About Our Trip

Once we've reached the edge of the Sahara a dromedary trek will be waiting for us to ride us into the Sahara. After a 1-hour ride we'll reach the Tuareg camp where we will be staying for 7 days.
We'll be living their lifestyle for the whole of our stay, getting to know their culture and habits and learn to understand how the manage to cope and survive in an environment as rough as the desert.
An experience not to be missed and unique in it's kind.


About the Sahara

The High Atlas mountain range marks the last frontier before crossing into the heart of old Morocco.
Here, amid the immeasurable silences of the pre-Sahara, is an all forgotten world of fortified villages, Berber castles and irrelevant Foreign Legion outposts. Once they were the all-important staging points on the camel routes that tied Marrakech to the great trading capitals of the Sahara with their gold and slaves from Timbuktou. It is an awesome land of breathtaking mountains through which the rivers Draa and Dades have driven two thin wedges of fertility, as enticing as any mirage.
The approach to the South is no less memorable.
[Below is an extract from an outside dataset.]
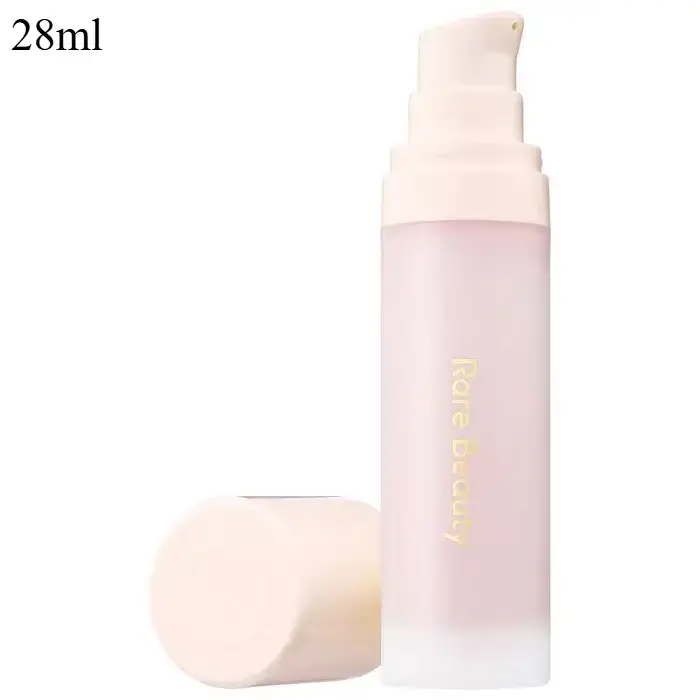 Rare Beauty Spray Fixateur de Maquillage 4-en-1 Rafraîchissant Hydratant Respirant, pour le Teint, l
The Sahara’s history blends with the history of mankind. Its rich minerals supplied a whole continent. A secret place, mysterious and tantalising. The expanse of sand and rock, the visions of mirages and cases all this makes the desert food of dreams. Place to meet the Tuareg, people of the Desert. Nomads, they are Muslims but distinct in their costumes. Tuareg women enjoy a freedom and status unheard of in the Muslim world. The Tuareg are one of the few matrilineal ethnic groups in West Africa.